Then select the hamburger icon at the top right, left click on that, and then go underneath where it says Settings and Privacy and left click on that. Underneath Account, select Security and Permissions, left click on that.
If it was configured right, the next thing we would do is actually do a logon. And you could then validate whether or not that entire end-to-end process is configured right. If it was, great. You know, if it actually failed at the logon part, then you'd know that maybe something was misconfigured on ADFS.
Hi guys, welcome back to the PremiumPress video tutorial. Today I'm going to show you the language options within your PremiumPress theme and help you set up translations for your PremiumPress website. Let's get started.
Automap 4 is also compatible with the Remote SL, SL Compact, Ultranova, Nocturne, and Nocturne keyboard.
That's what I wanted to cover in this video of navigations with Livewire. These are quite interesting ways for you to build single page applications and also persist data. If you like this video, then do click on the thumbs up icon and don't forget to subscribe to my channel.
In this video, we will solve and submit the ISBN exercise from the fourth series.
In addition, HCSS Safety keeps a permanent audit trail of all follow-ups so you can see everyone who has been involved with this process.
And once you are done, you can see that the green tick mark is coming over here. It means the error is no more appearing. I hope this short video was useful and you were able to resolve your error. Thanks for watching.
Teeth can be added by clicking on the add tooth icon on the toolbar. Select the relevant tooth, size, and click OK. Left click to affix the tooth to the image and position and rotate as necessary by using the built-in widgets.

⁂

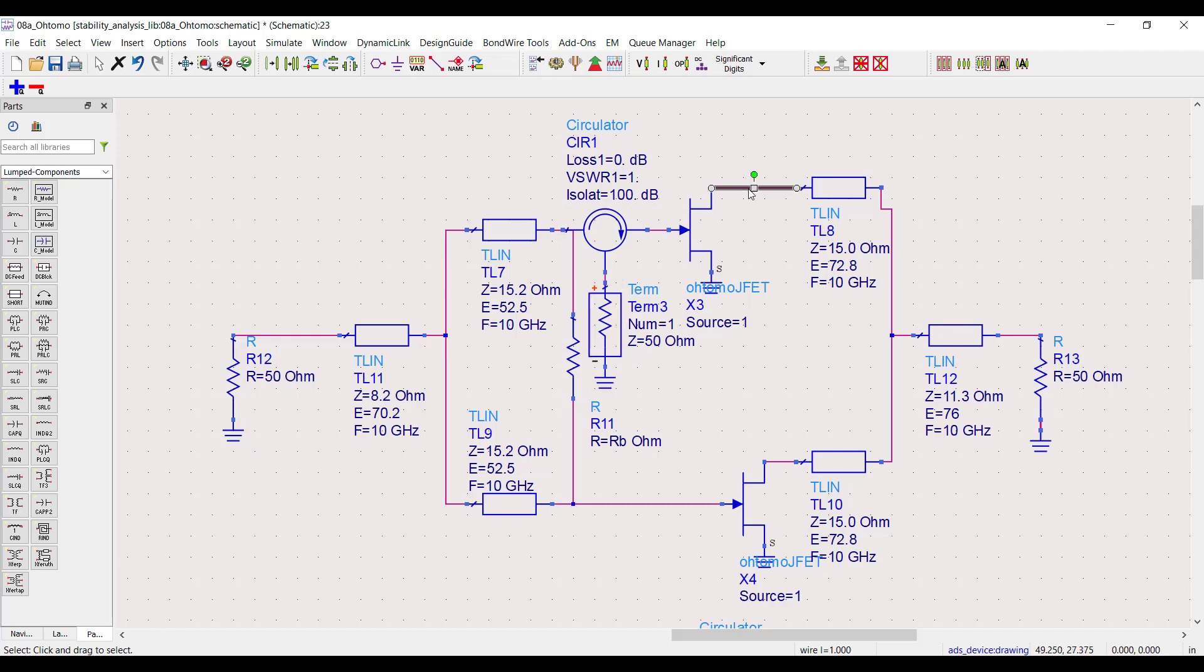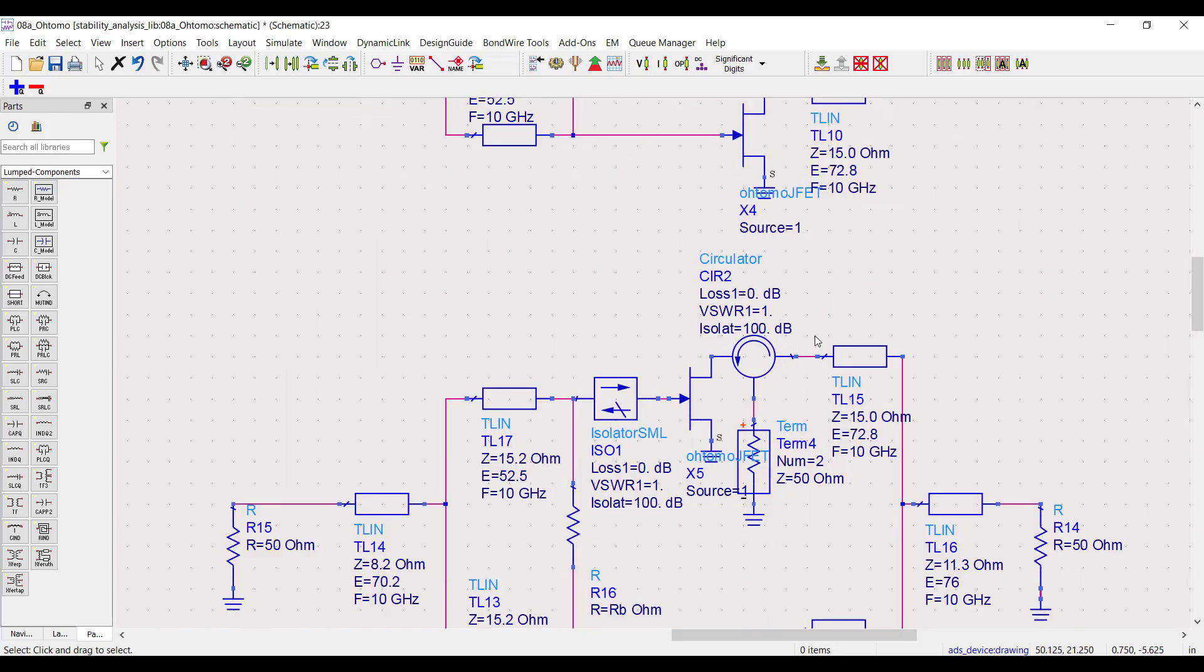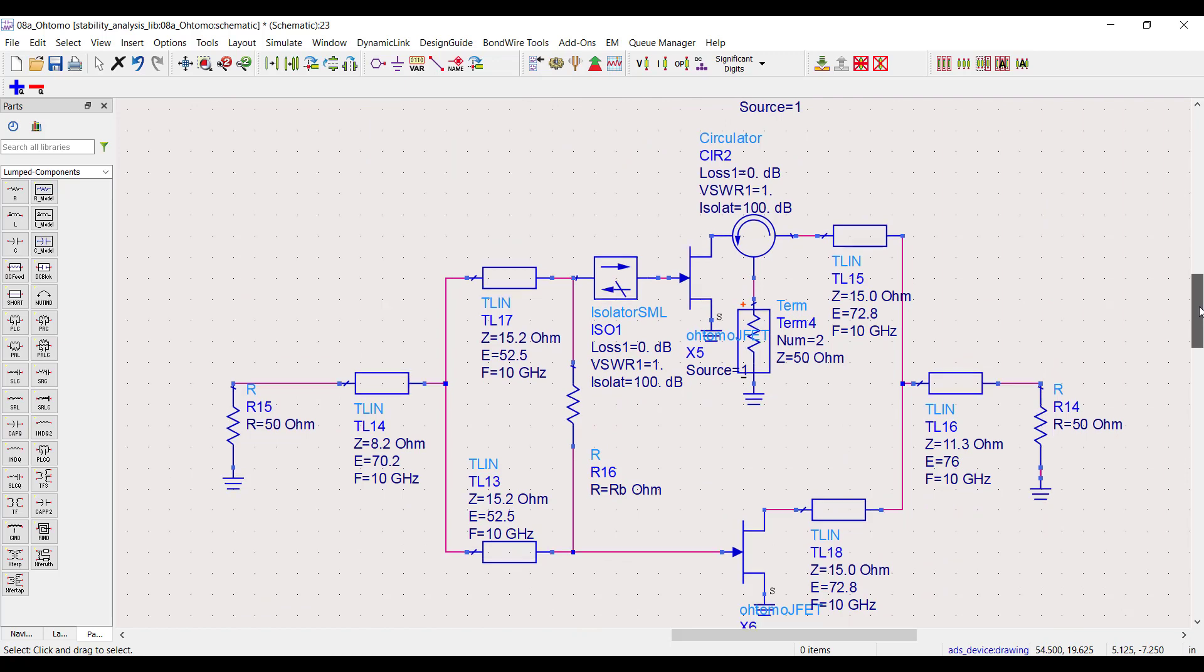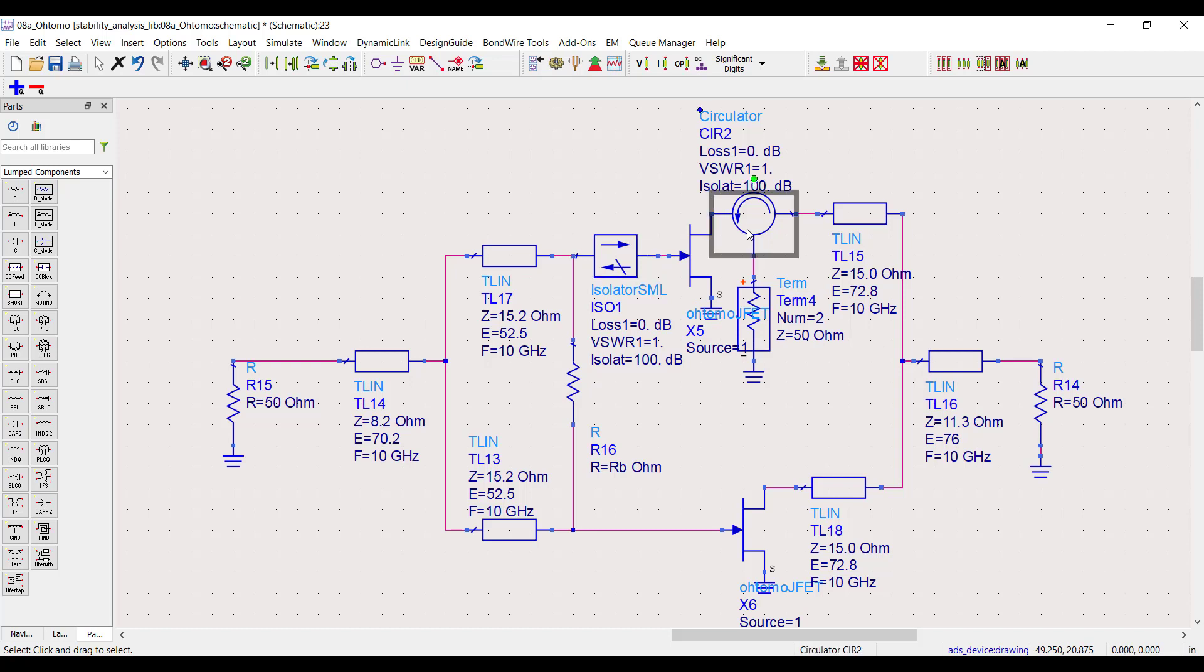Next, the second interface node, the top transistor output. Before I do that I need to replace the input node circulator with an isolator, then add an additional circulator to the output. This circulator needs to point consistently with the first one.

⁂

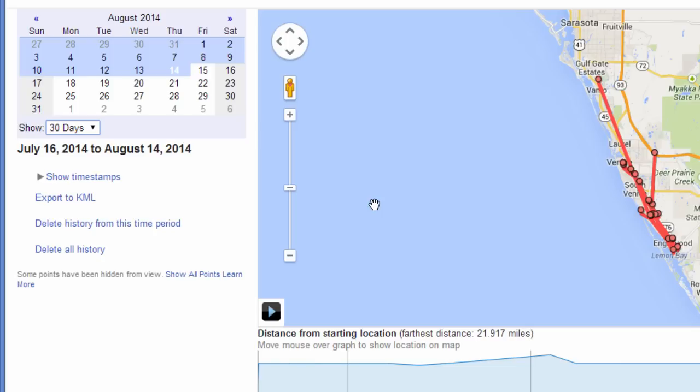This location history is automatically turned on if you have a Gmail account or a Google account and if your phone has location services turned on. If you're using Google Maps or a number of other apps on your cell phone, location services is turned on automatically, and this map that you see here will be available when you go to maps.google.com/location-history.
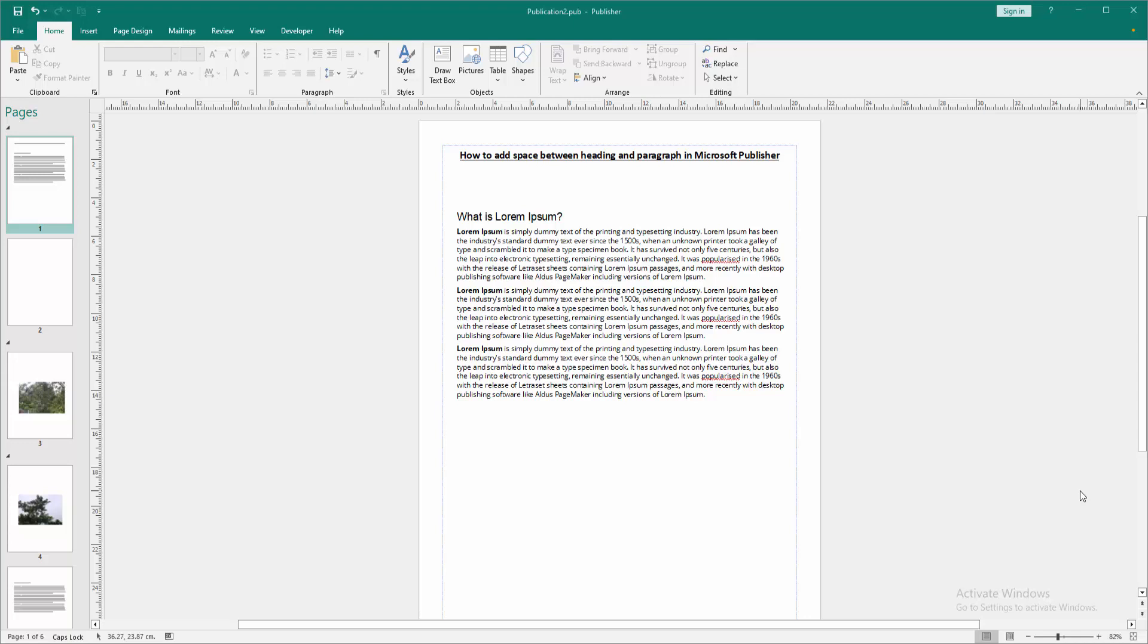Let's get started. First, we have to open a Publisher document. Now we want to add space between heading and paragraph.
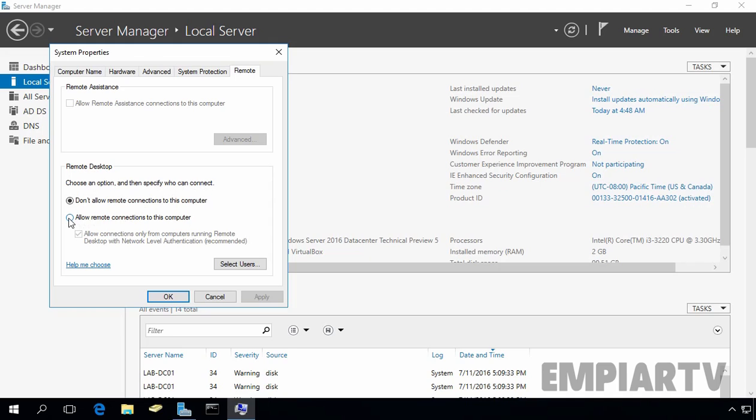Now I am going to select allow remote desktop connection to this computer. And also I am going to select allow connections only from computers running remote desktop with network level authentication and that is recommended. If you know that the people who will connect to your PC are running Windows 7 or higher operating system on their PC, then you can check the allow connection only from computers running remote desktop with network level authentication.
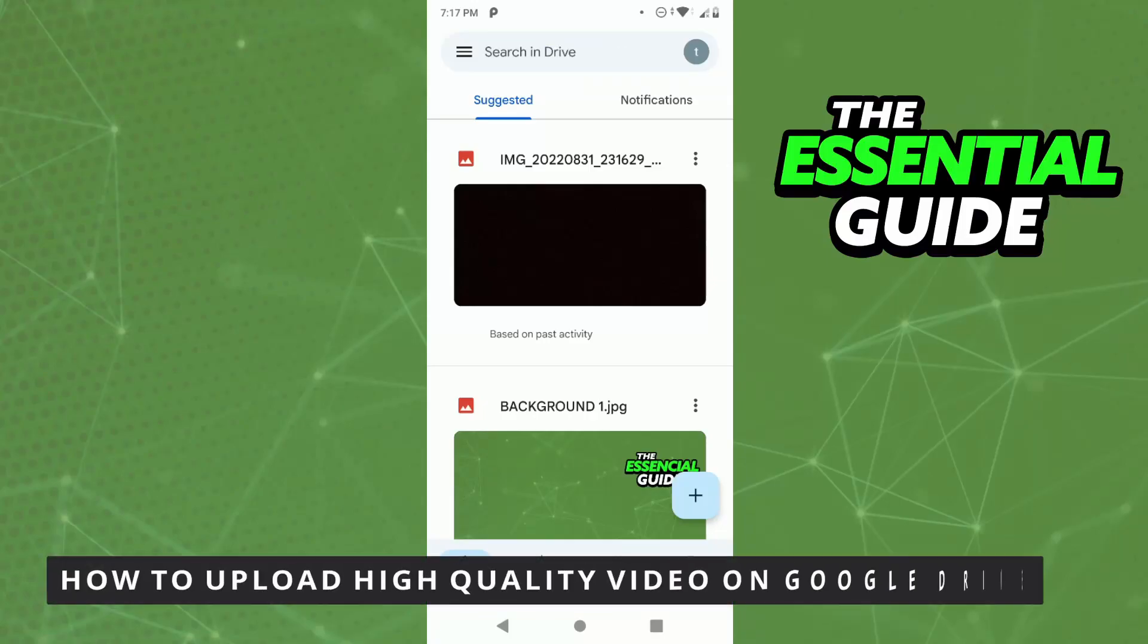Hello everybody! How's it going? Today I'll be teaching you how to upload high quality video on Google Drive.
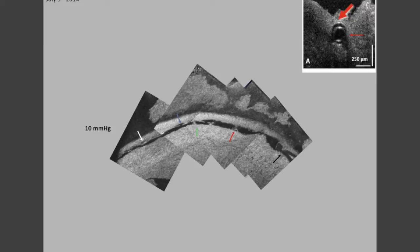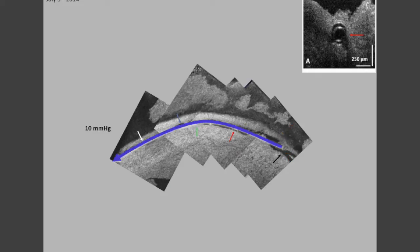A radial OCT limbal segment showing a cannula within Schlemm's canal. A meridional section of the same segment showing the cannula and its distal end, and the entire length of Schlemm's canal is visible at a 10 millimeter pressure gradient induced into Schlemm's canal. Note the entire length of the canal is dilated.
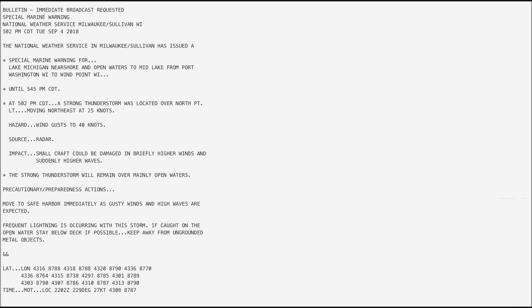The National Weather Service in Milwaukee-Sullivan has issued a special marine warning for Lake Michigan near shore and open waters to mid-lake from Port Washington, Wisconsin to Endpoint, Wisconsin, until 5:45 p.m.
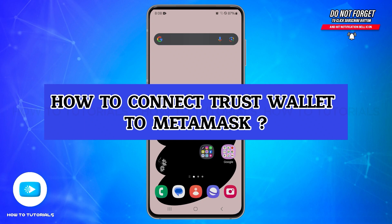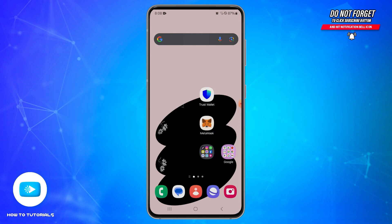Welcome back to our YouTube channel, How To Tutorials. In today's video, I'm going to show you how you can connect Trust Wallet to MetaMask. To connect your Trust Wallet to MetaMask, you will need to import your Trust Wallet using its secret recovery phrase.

⁂

▶ Assigned task
Show all lines of the material in which the word "process" can be found.

▶ Your solution
If it was configured right, the next thing we would do is actually do a logon. And you could then validate whether or not that entire end-to-end process is configured right. If it was, great. You know, if it actually failed at the logon part, then you'd know that maybe something was misconfigured on ADFS.
In addition, HCSS Safety keeps a permanent audit trail of all follow-ups so you can see everyone who has been involved with this process.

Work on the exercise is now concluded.